And almost as quickly as he jotted those two names down, two more followed on the second line – Vinny Lecavalier and Wayne Simmonds.
It was an automatic stream of conscious pen stoke. It was as if it was habitual in nature.
|Peter Laviolette is hoping that putting Wayne Simmonds (left) and Vinny Lecavalier together will make for an ideal second scoring line. |
When you think second line center, you certainly think Lecavalier. When you think second line right wing, you certainly think Simmonds. It should be that simple, right?

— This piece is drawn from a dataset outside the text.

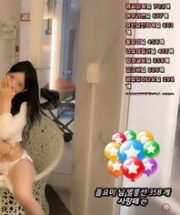 KBJ-24111862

“You go into camp with a lot of ideas about what you think will work and then you find out that some of it does work and some of it doesn’t,” Laviolette said. “But the hope is you find some chemistry and some balance in your lines and that the players find a connection with one another. It would certainly be nice if [it turns out] that there is chemistry between them.”
And it’s a good bet that Laviolette will give that pairing, at least, some time to ferment. Who exactly will be on their left wing remains to be seen. It could be Brayden Schenn. It could be Michael Raffl. Heck, it could be Scott Hartnell, or Matt Read, or Max Talbot, or…

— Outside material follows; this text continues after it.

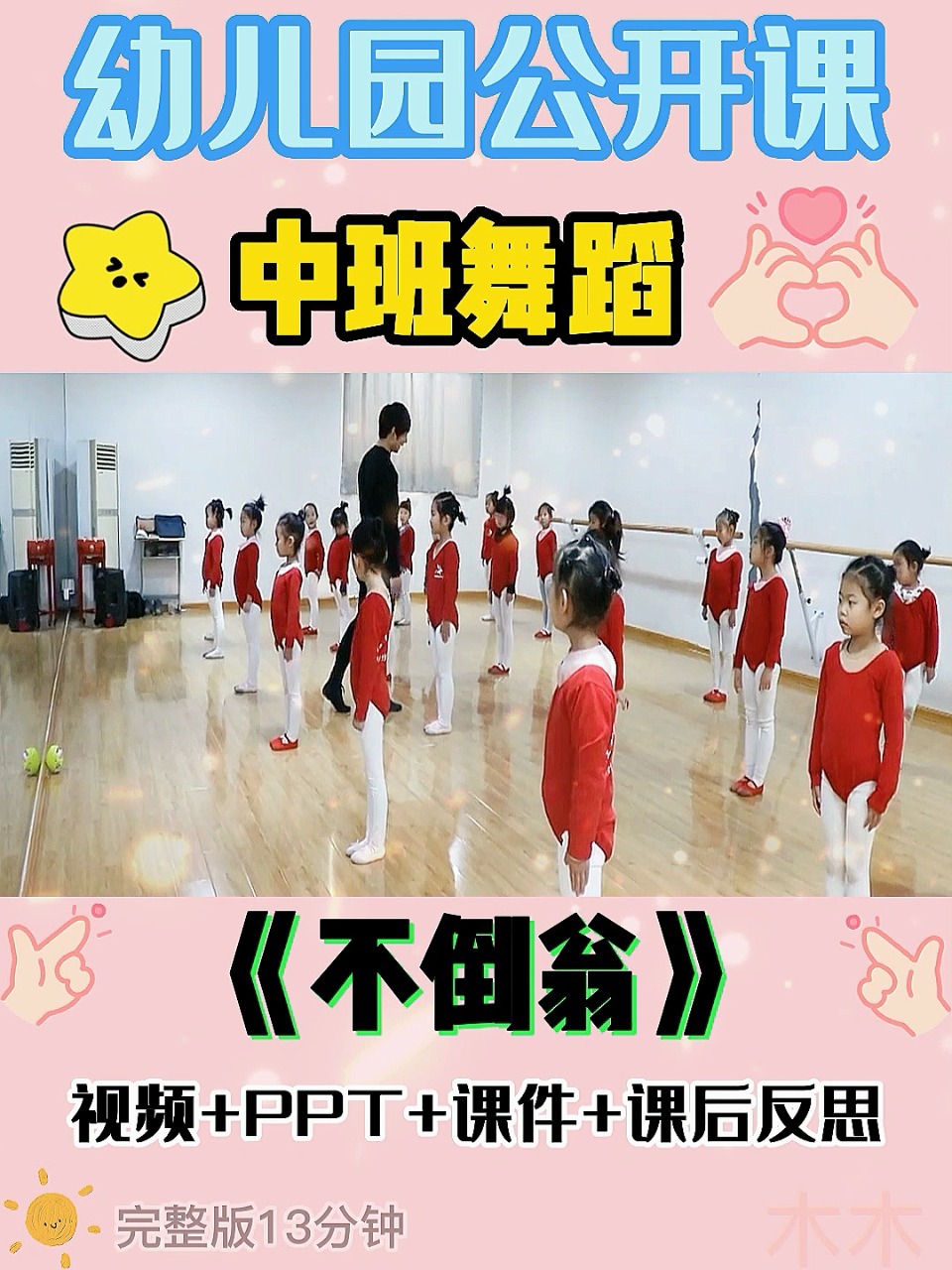 幼兒園中班舞蹈,自然美景的探索之旅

Regardless of who ultimately fills that void, it’s a safe bet that barring injuries, the Vinny and Simmer show will have a lengthy run this fall.
“It’s nice playing with him,” Simmonds said. “He’s a really good player. He’s big and strong and he likes to play down low [in the zone] with the puck and that’s perfect because that’s my style of game.
“I’m the crash and bang guy who is going to go loosen some pucks up and Vinny’s got a lot of skill and a great shot, so as long as I can go out there and create some room for him it would be perfect. Hopefully we build some chemistry together and stick together.”
Simmonds has proven to be a solid second line scoring option in his two seasons with the Flyers . He posted 49 points in his first season with the team with 28 goals and 21 assists, and followed that up with 15 goals and 17 assists for 32 points in 45 games last season, which was on pace for a career-best 58 points if it wasn’t a lockout shortened season.
And to think Simmonds posted those numbers without having the luxury to play with an elite center with some size in Lecavalier.
Lecavalier has been the epitome of consistency in his long career. He has scored 20 or more goals 12 times – the only two times he didn’t was his rookie season, and last season in a lockout-shortened campaign. Five times he exceeded 30 goals.
He has also broken the 50-point plateau 10 times in his career, and eight of those times he went over 60 points.
Now, he’s going to be a second line center, and he’s being partnered on one side with one of the hardest-working power forwards in the NHL – and so far, Vinny’s loving it.
“It’s been going well,” Lecavalier said of the pairing. “I think we are clicking. We see each other on the ice, and that’s the most important thing. The plays are there and the more we play together the more we’ll execute our plays.”
And if they do click right away and start putting good numbers on the stats sheets, opposing coaches are going to have a hard time figuring out who they want their best defensive pairing out against – Giroux and Voracek, or Lecavalier and Simmonds.
It wouldn’t be a surprise if, as Laviolette was jotting those names down on paper, he muttered something like “pick your poison.”